Working data →
• • • • • • •

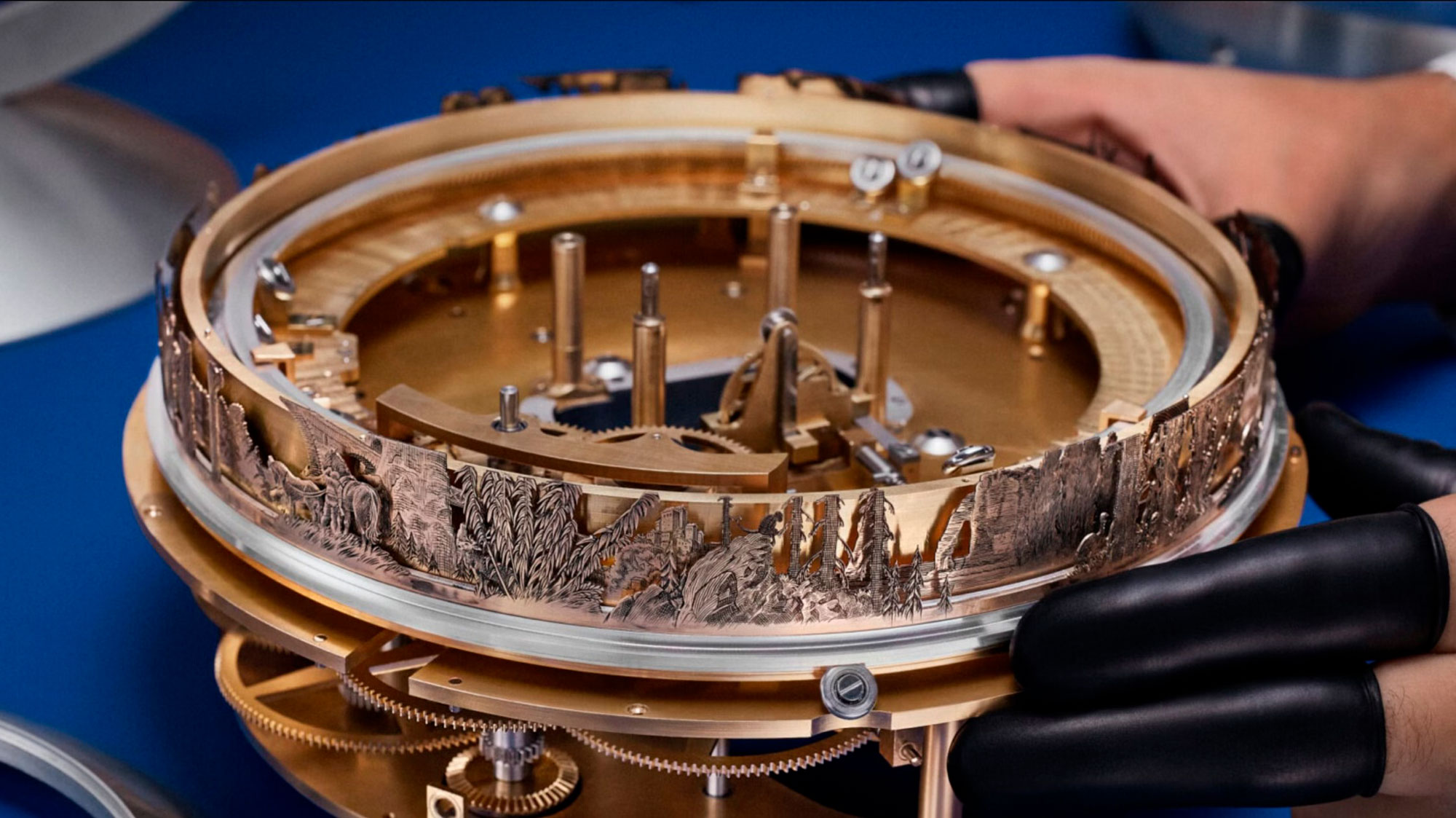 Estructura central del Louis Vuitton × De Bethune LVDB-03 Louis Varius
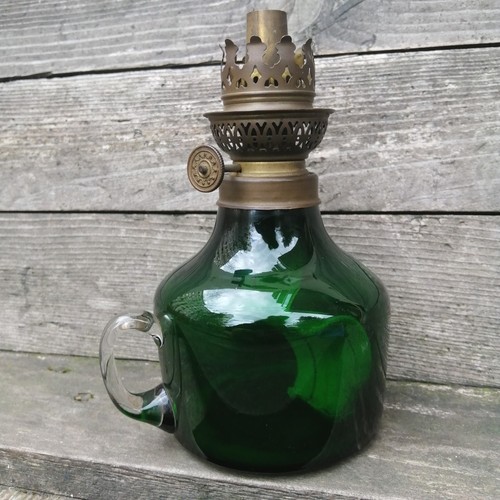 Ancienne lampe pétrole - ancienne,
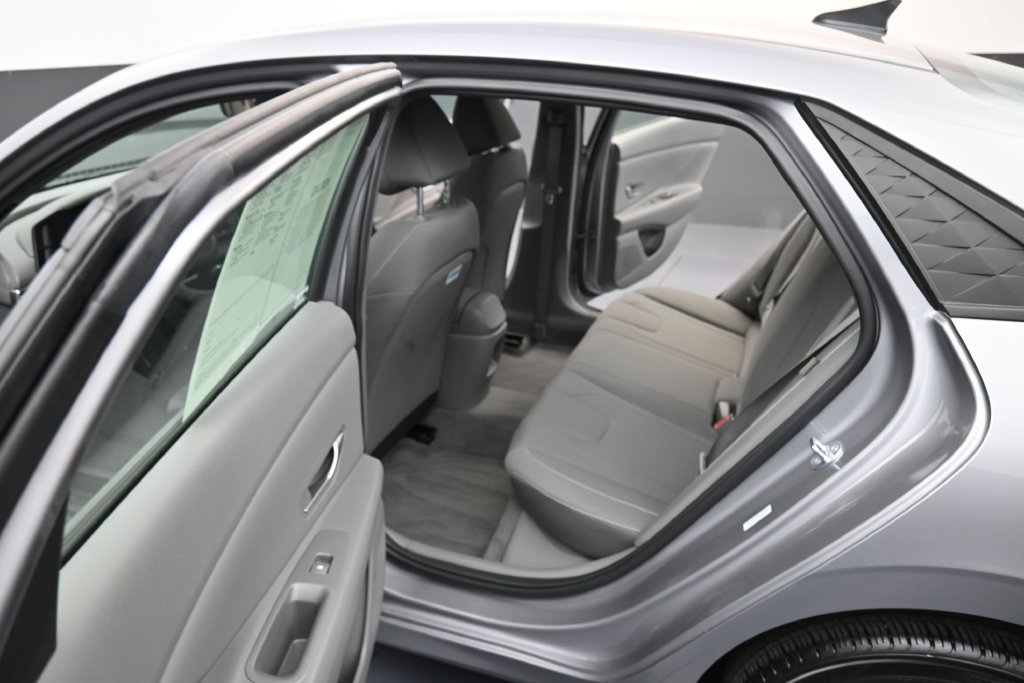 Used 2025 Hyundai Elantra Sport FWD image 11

• • • • • • •

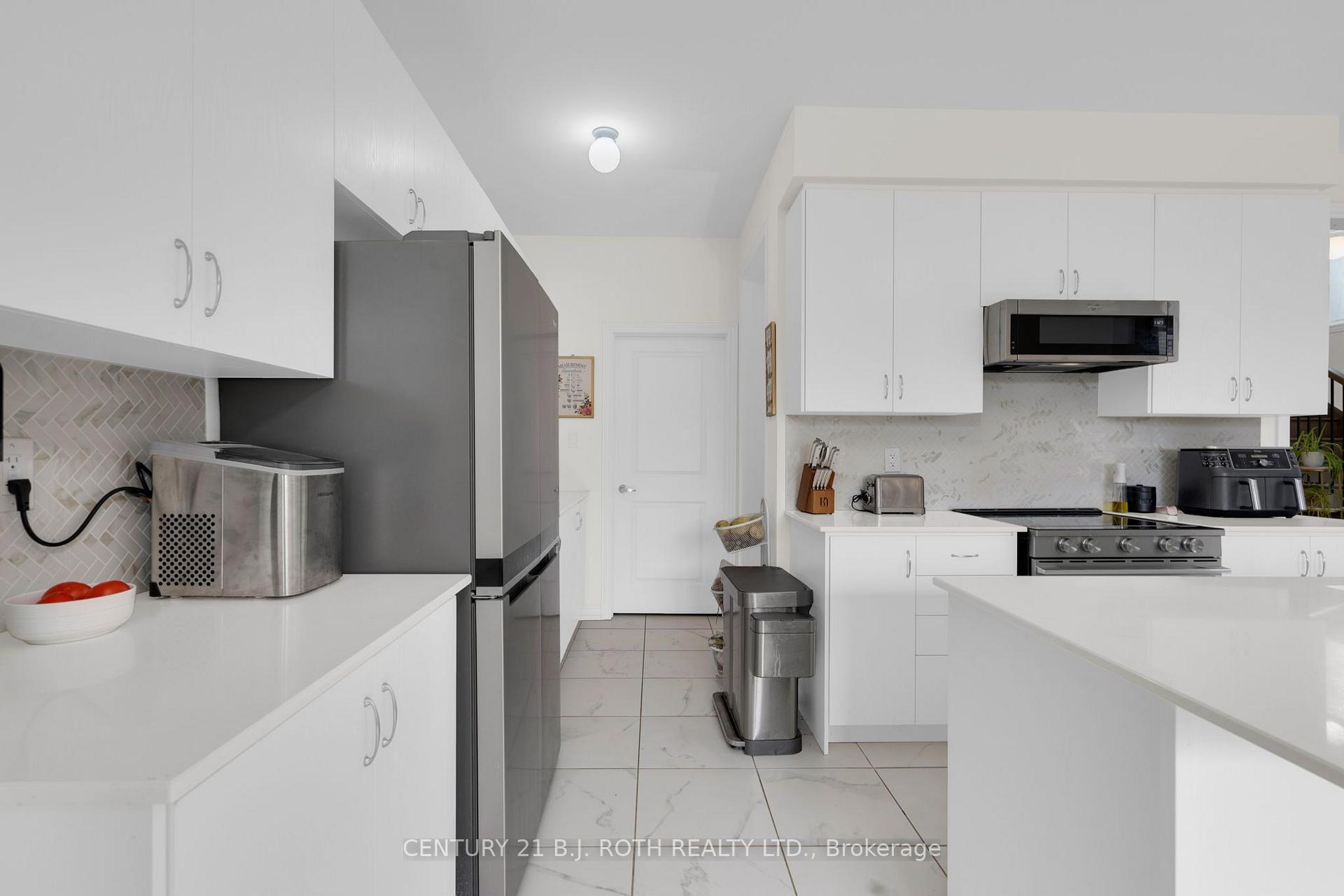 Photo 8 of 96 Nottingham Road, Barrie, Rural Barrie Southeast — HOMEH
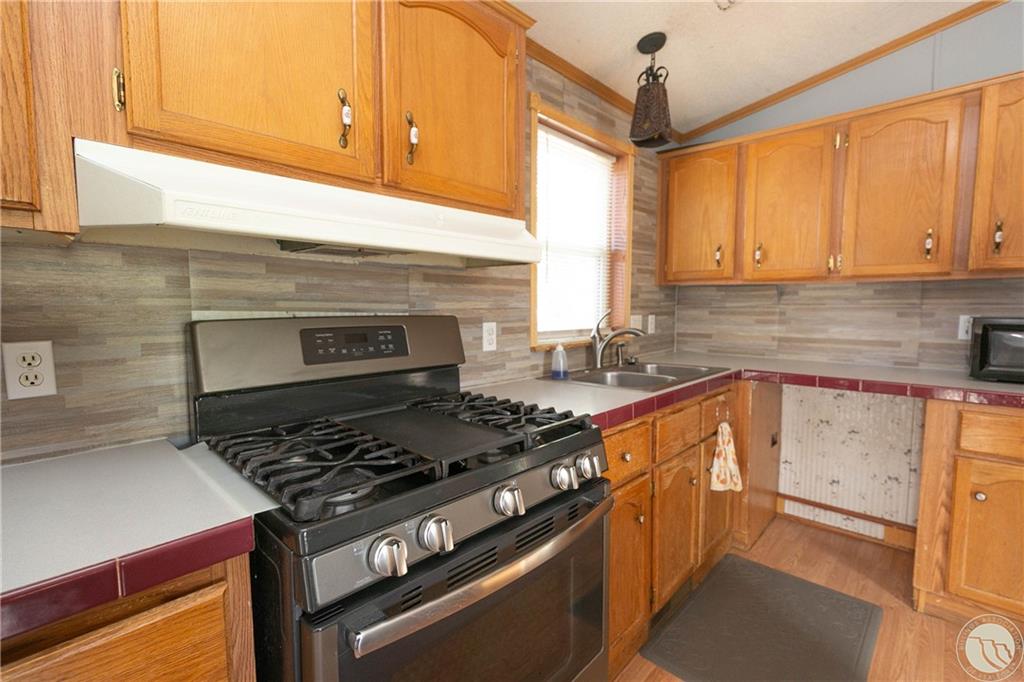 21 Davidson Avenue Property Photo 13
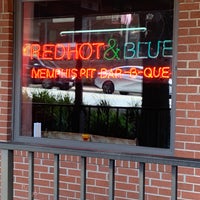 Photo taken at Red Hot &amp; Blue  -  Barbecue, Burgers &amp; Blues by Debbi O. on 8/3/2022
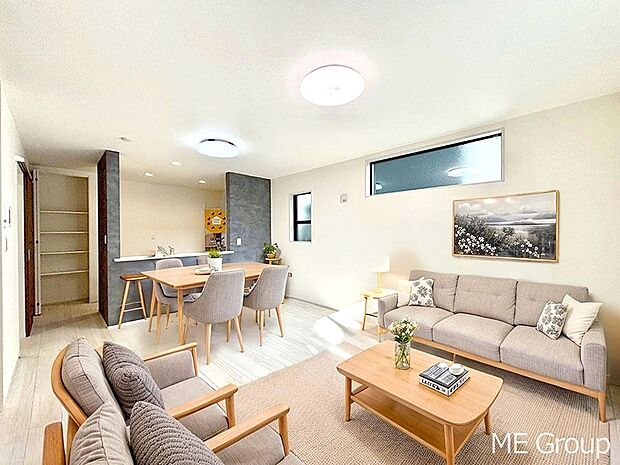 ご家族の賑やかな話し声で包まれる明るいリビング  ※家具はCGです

• • • • • • •

Brief → Give back exactly, and solely, the section of the data above bounded by the line containing "Estructura central del" and the line containing "Used 2025 Hyundai Elantra Sport FWD image 11", both bounding lines included and pictures omitted.

Exercise response →
 Estructura central del Louis Vuitton × De Bethune LVDB-03 Louis Varius
 Ancienne lampe pétrole - ancienne,
 Used 2025 Hyundai Elantra Sport FWD image 11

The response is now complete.